Love They Neighbor (Forever Free Post Series), 1993, acrylic on paper with copper penny, 26 ¼ x 20 ¼ inches, signed and dated lower left: provenance: Moody Gallery, Houston, TX, Barry Whistler Gallery, Dallas, TX
About the Painting
Michael Ray Charles’ work addresses fundamental questions of race in America, both past and present. Starting with his initial success in the mid-1990s, Charles’ work has been controversial because of its use of stereotypical and often derogatory portrayals of Black Americans drawn from historic mainstream advertising, packaging, graphic design, and audio-visual media. Not unlike some of the work of Betty Sayre and Kara Walker, Charles draws on images of Aunt Jemima, Sambo, Mammy, and minstrels to explore problematic notions about race which persist today. Charles appropriates and reclaims stereotypical racist imagery, and in the process diminishes its power over Black Americans by stripping it of its once purportedly benign aura. He makes brutally clear what others have attempted to obscure behind the guise of nostalgia. His works force the viewer to confront that these obviously misguided and wrong-headed images persist today in America’s subconscious and profoundly impact the collective perception of Black Americans.

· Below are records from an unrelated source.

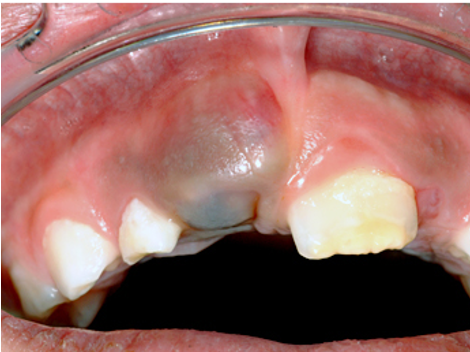 <p>palpable, SC accumulation of extravasated blood; color evolves over time: purple/blue → red/brown → green/yellow</p>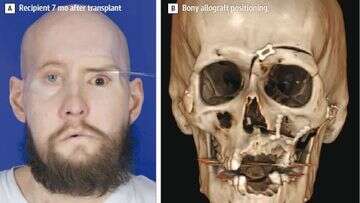 Doctors hail world-first eye transplant after landmark result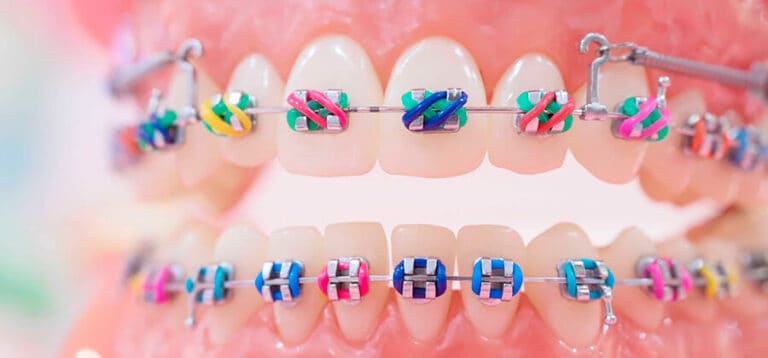 Brackets para niños: ¿Qué ventajas tienen y qué problemas corrigen?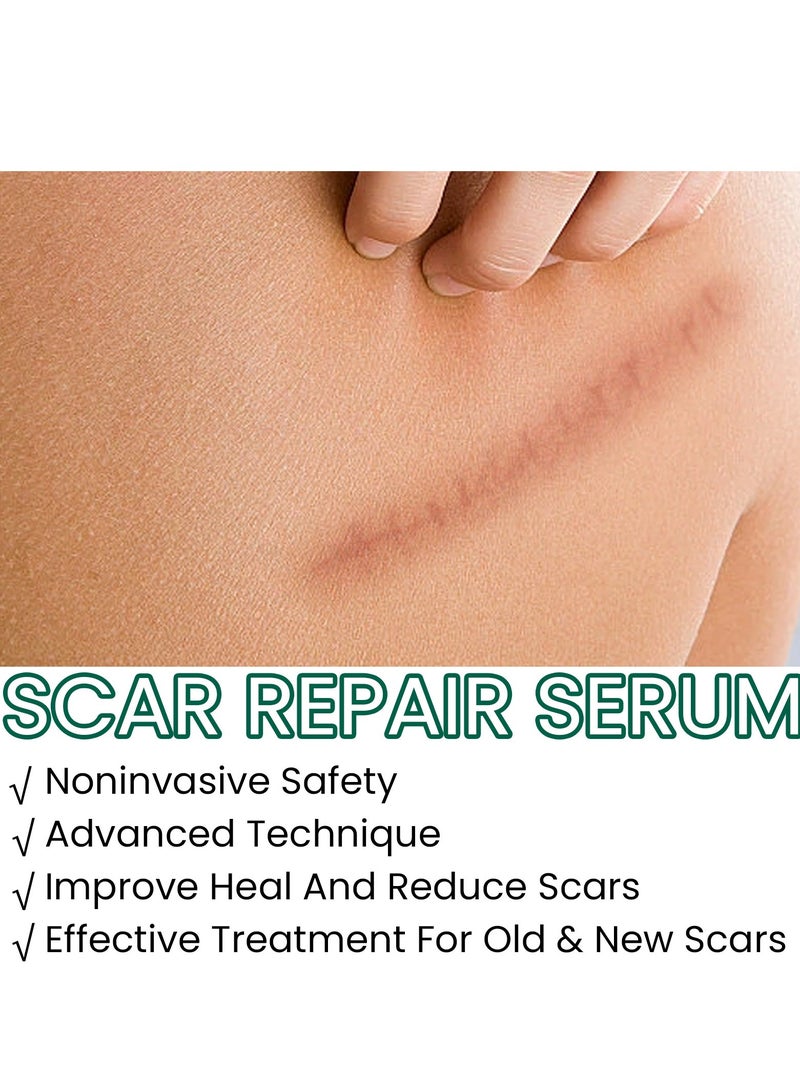 EELHOE Scar Repair Serum, Scar Removal Oil with Natural Ingredients, Suitable for Surgical Scars, C-Section, Stretch Marks, Acne, Injury, Burns, Keloids, Old and New Scars 30ml - Image 2
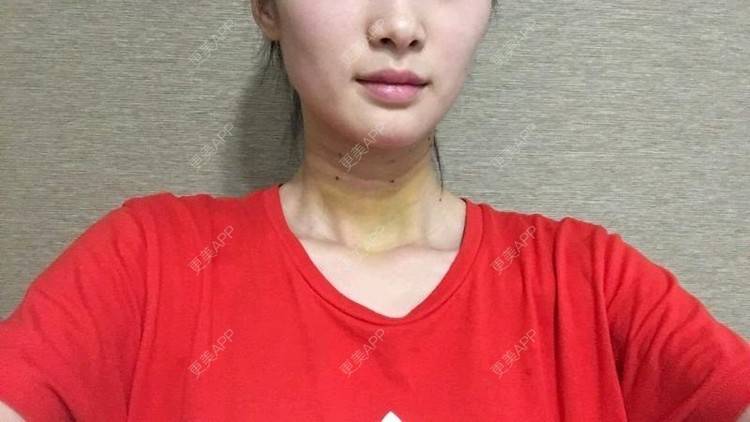 更美 - Annie嵉的自体脂肪填充颈纹经验 | 上海 | 自体脂肪填充颈纹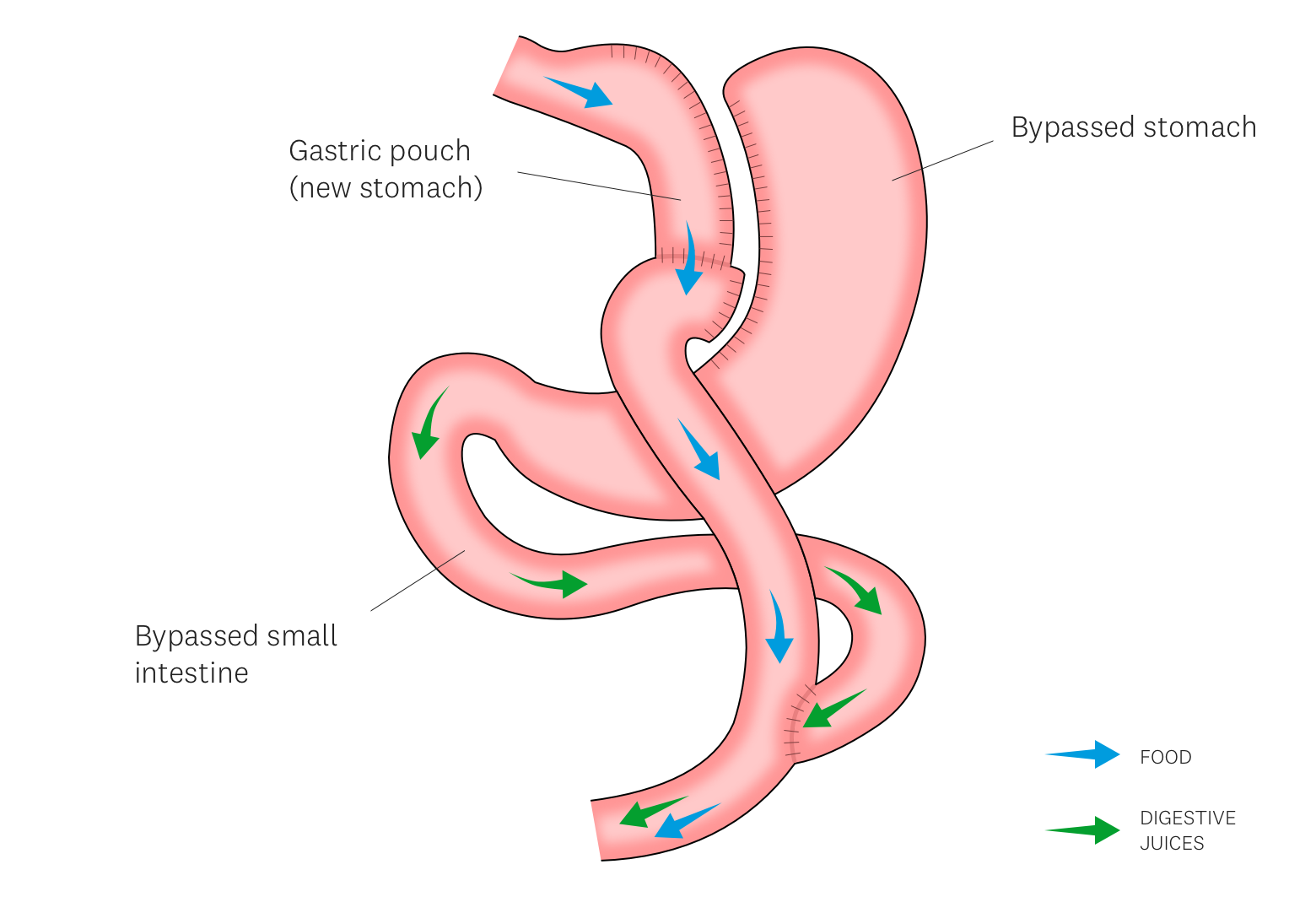 Roux en Y Gastric Bypass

Charles uses recognizable formal arrangements for his works. In Love They Neighbor, he mimics 20th Century magazine covers and overtly name-checks The Saturday Evening Post, whose illustrations are often seen today through the nostalgic lens of rose-colored glasses. Charles imagery, however, isn't about the Americana of small town main streets, community picnics and 4th of July parades. Rather, Charles depicts two figures, one White and the Black, both wearing a cap 'n' bells jester hat which traditionally symbolizes the ears and the tail of a jackass. The White figure is outfitted in the American flag, while the Black figure is unclothed except for the jester's hat and the white gloves of a mime which seems to reference the important role that Gospel Mimes have come to play in liturgical practices of some Black Christian churches. This work also incorporates Charles' calling card copper Lincoln penny, which calls our attention to The Great Emancipator and reminds us of an emancipation that is still incomplete.
About the Artist
Michael Ray Charles was born in 1967 in Lafayette, Louisiana, and graduated from McNeese State University in Lake Charles, Louisiana, in 1985. Charles then earned an MFA degree from the University of Houston in 1993. As a Black man, Charles has sometimes faced criticism as his works have been misunderstood and often misinterpreted. Despite the controversy which often surrounded his work, Charles achieved critical and commercial recognition and success starting early in his career. His first solo museum exhibition was at the Albright-Know Gallery, Buffalo, New York, in 1997, and he was represented by Tony Shafrazi in New York City. He was featured in the first season of the PBS series Art 21: Art in the 21st Century. Starting around 2004, Charles began to withdraw from the mainstream artworld because of the controversial reception that his work continued to receive and because of the commodification of the contemporary art. In 2018, Charles won the prestigious Rome Prize, and in 2019 he had a solo show at the UMLAUF Sculpture Garden + Museum in Austin, Texas. In 2020, a book celebrating thirty years of Charles’ work, Michael Ray Charles: A Retrospective, was published by the University of Texas Press. Charles is now returning to the mainstream with new representation in Paris and Brussels by Galerie Templon, which plans to hold a solo show of Charles’ work in March 2022. Charles lives in Texas. For nearly two decades he taught at the University of Texas Austin before joining the faculty at the University of Houston where is serves as the Hugh Roy and Lillie Cranz Cullen Distinguished Professor of Painting.